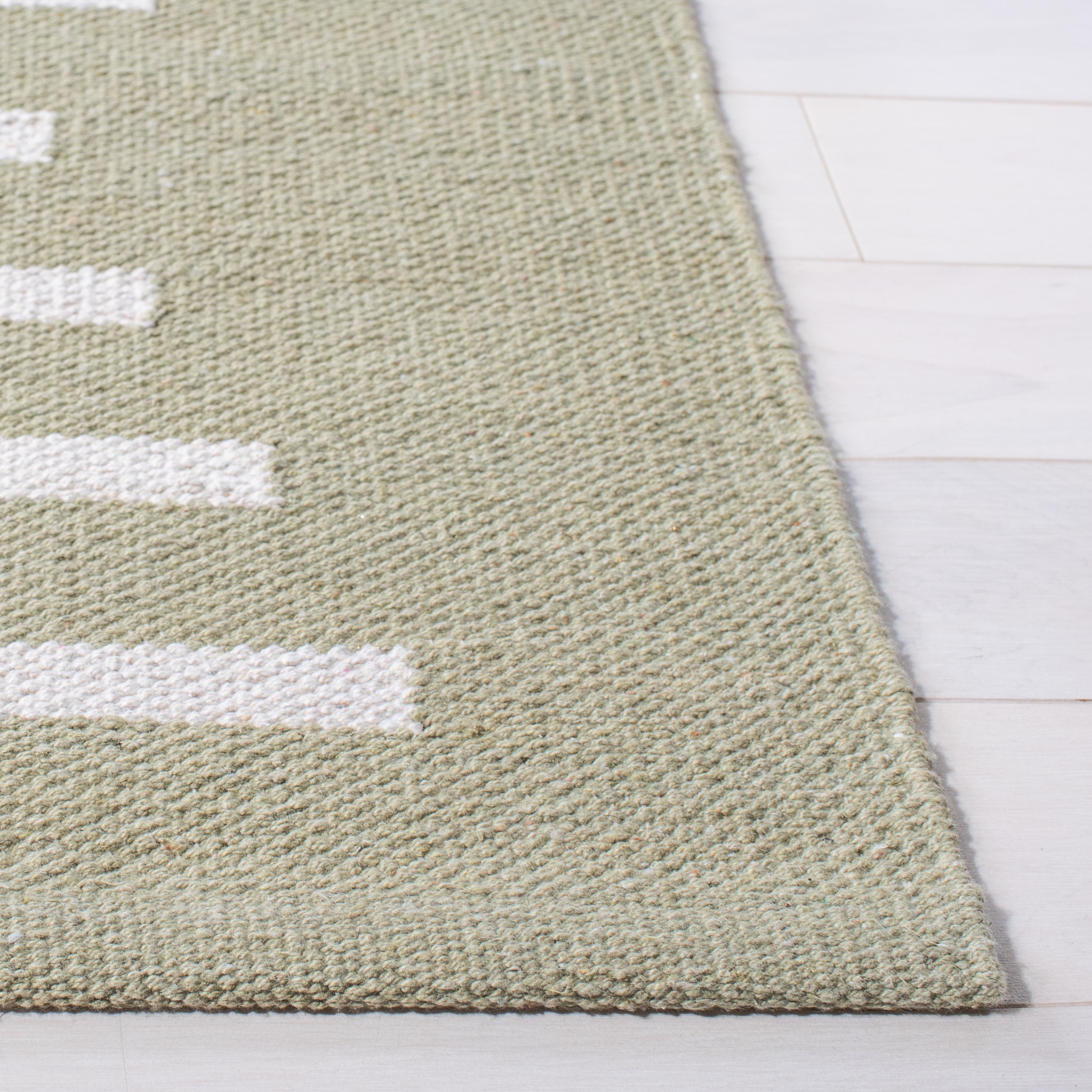 SAFAVIEH Montauk Amadine Striped Cotton Area Rug, Light Green/Ivory, 4' x 6'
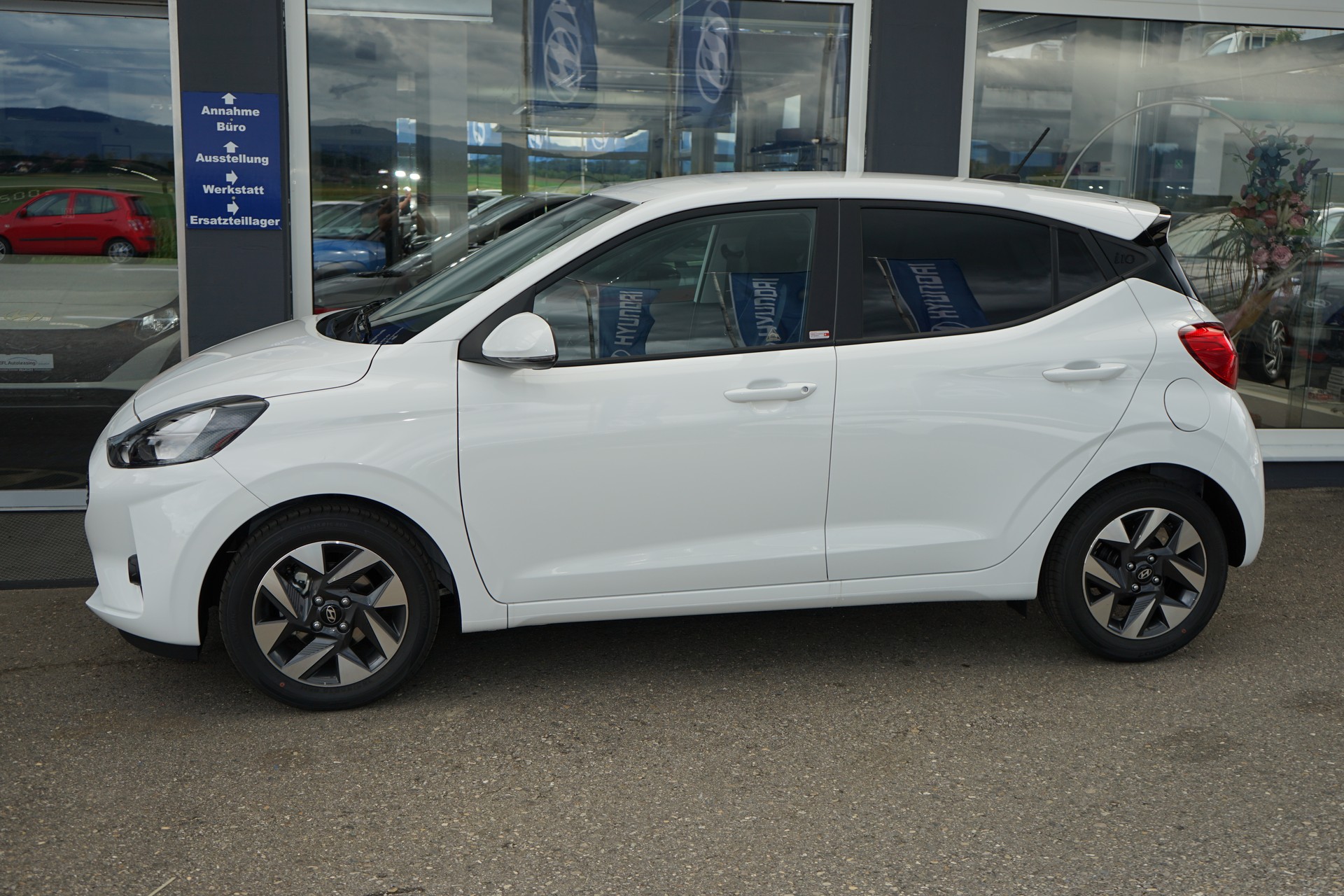 HYUNDAI i10 1.2 Amplia Aut.-image-3
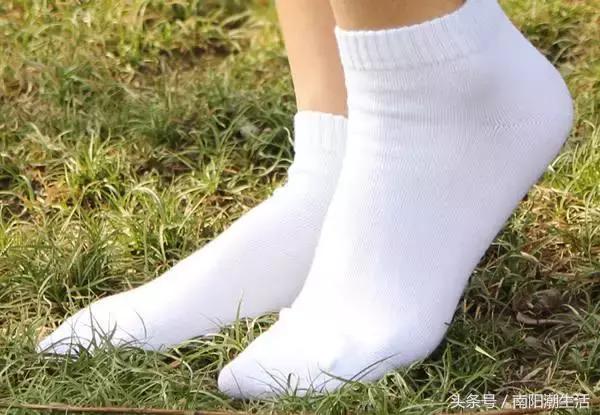 新衣服吊牌可以撕掉吗,新衣服吊牌拆了可以退货吗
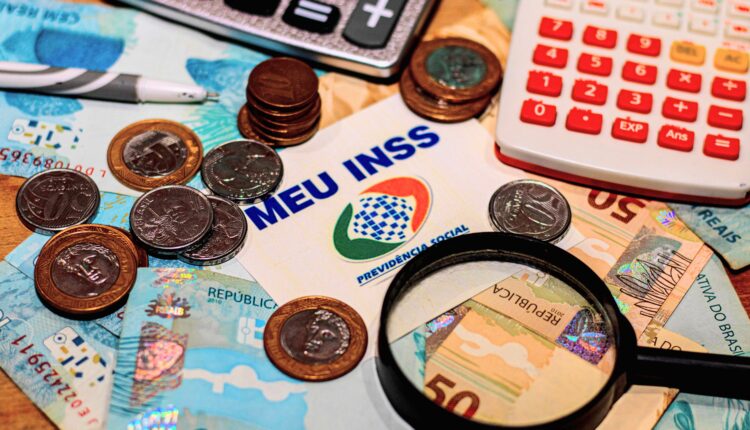 Veja sua posição na fila do INSS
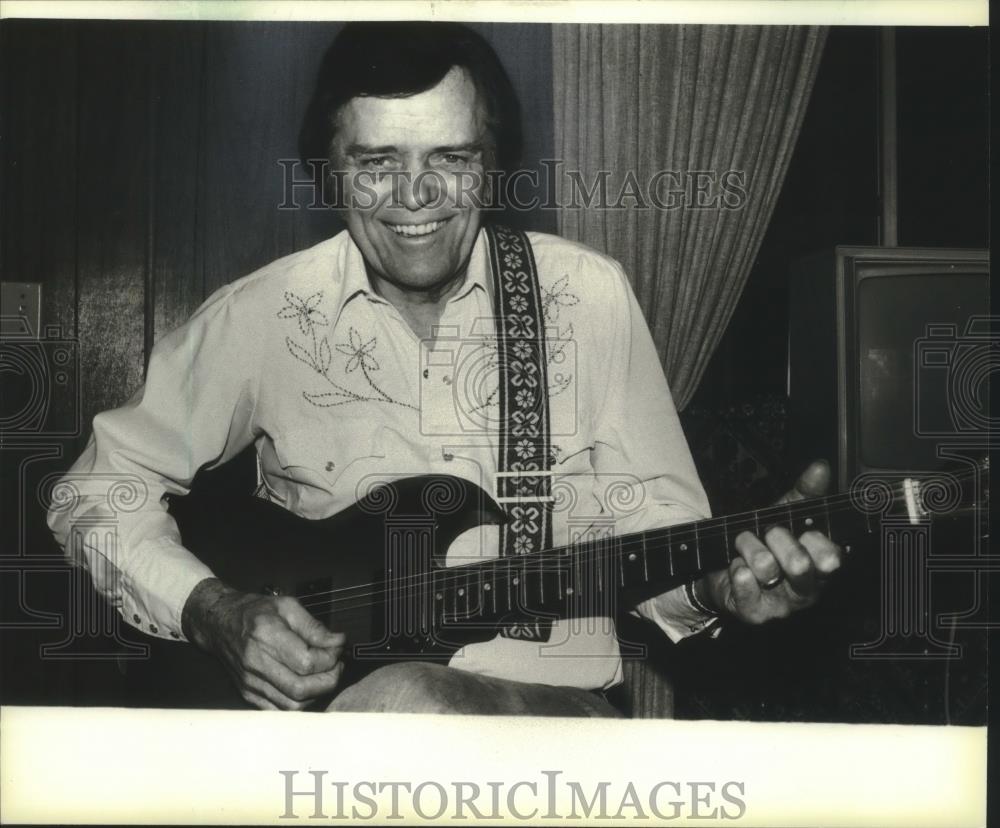 1983 Press Photo Rockabilly songster Larry Lee Phillipson of Amery - mjb79135 - Historic Images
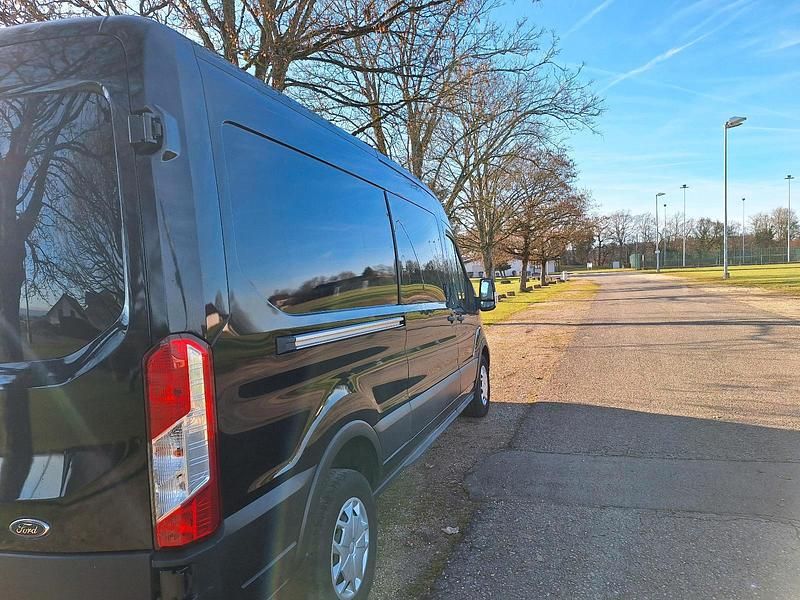 Gebraucht Ford Transit 131 PS (96 kW) 2021 Schwarz Van / Kleinbus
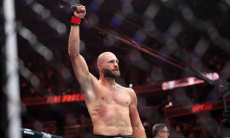 Прямая трансляция турнира UFC 327 с главным боем Прохазка — Ульберг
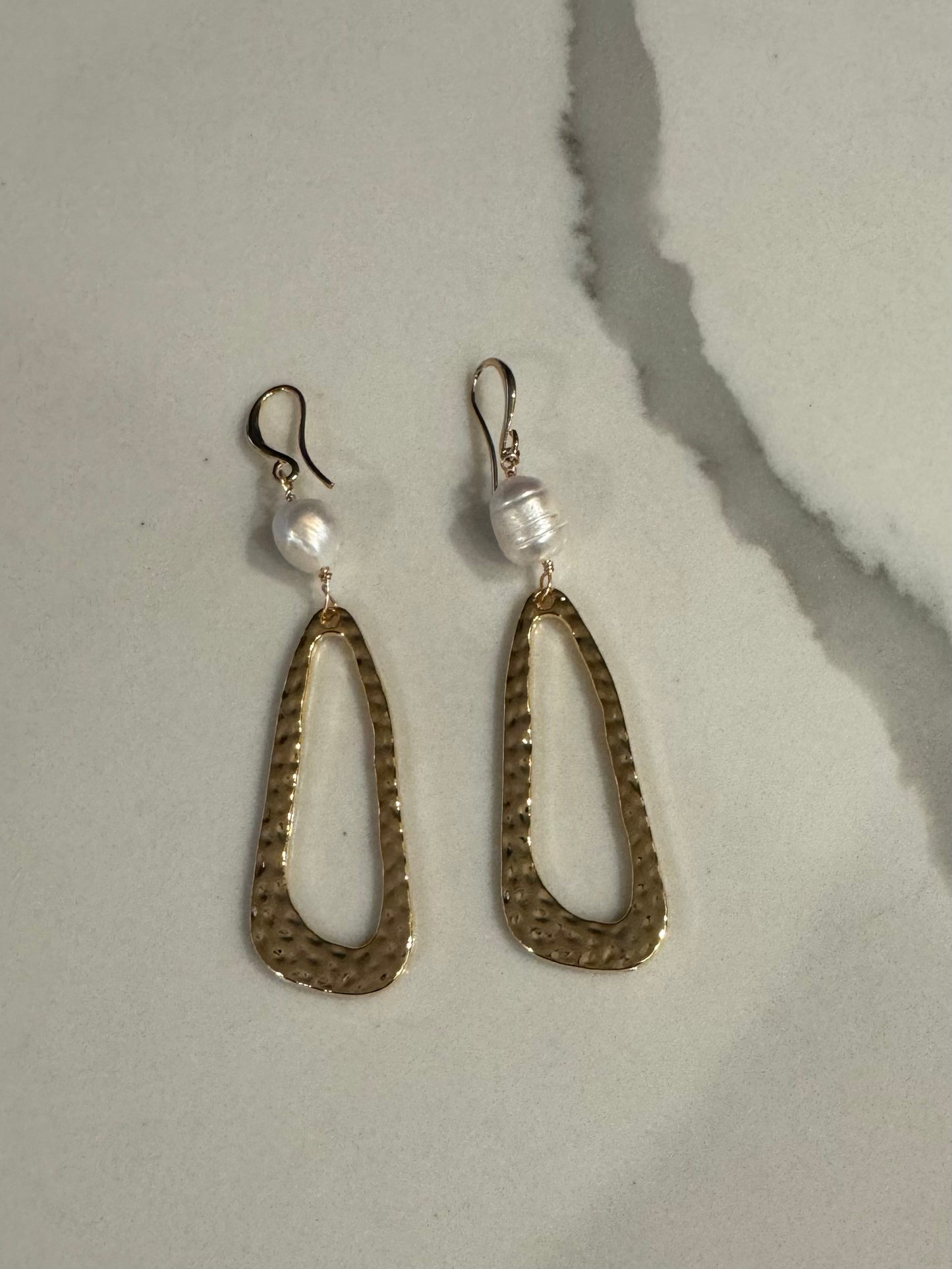 pearl and hammered metal drop earrings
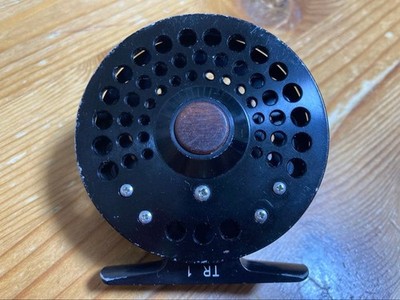 Abel TR-1 Fly Reel Black Finish Click and Pawl Made in USA Trout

• _ASSIGNMENT_
A word-for-word copy of every entry, with the pictures left out, is the required answer.

• _RESULT_
 SAFAVIEH Montauk Amadine Striped Cotton Area Rug, Light Green/Ivory, 4' x 6'
 HYUNDAI i10 1.2 Amplia Aut.-image-3
 新衣服吊牌可以撕掉吗,新衣服吊牌拆了可以退货吗
 Veja sua posição na fila do INSS
 1983 Press Photo Rockabilly songster Larry Lee Phillipson of Amery - mjb79135 - Historic Images
 Gebraucht Ford Transit 131 PS (96 kW) 2021 Schwarz Van / Kleinbus
 Прямая трансляция турнира UFC 327 с главным боем Прохазка — Ульберг
 pearl and hammered metal drop earrings
 Abel TR-1 Fly Reel Black Finish Click and Pawl Made in USA Trout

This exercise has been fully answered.